Work instructions >> Each line below is to be copied exactly; images do not go into the copy.

Supplied data >>
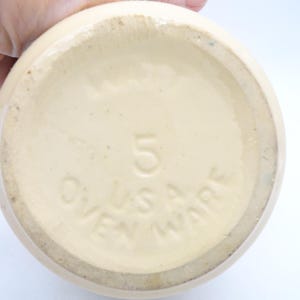 May include: Cream-colored ceramic ovenware with the number "5" and the text "U.S.A. OVEN WARE" embossed on the bottom. The piece has a rounded shape and a slightly textured surface.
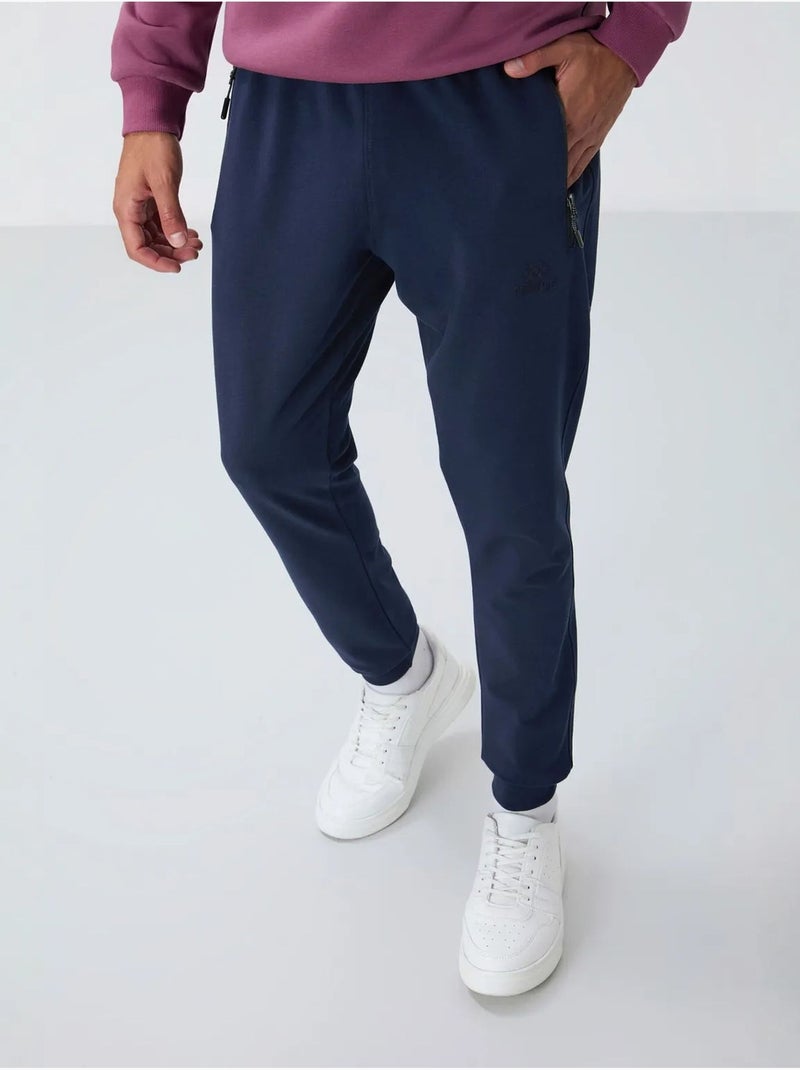 Calças de fato de treino jogger de homem com bolso com fecho tommy Azul-marinho - Kiabi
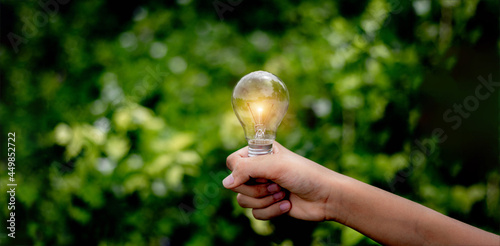 Hand holding light bulb,natural energy and love the world concept.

Task solution >>
 May include: Cream-colored ceramic ovenware with the number "5" and the text "U.S.A. OVEN WARE" embossed on the bottom. The piece has a rounded shape and a slightly textured surface.
 Calças de fato de treino jogger de homem com bolso com fecho tommy Azul-marinho - Kiabi
 Hand holding light bulb,natural energy and love the world concept.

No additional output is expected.